[What you should do]: Lines before the one containing "Personalised Vanuatu Puletasi" are excluded; reproduce that line and all lines after it in the entries below, exactly.

[Information supplied]:
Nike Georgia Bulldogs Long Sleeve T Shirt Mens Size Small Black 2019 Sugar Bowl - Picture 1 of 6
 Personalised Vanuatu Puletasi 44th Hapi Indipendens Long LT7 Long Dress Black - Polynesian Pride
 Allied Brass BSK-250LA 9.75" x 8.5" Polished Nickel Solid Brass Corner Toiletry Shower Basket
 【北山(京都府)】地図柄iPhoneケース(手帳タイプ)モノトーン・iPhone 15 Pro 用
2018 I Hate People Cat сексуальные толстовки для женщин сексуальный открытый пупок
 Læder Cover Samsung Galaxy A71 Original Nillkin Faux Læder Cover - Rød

[Solution for this task]:
 Personalised Vanuatu Puletasi 44th Hapi Indipendens Long LT7 Long Dress Black - Polynesian Pride
 Allied Brass BSK-250LA 9.75" x 8.5" Polished Nickel Solid Brass Corner Toiletry Shower Basket
 【北山(京都府)】地図柄iPhoneケース(手帳タイプ)モノトーン・iPhone 15 Pro 用
2018 I Hate People Cat сексуальные толстовки для женщин сексуальный открытый пупок
 Læder Cover Samsung Galaxy A71 Original Nillkin Faux Læder Cover - Rød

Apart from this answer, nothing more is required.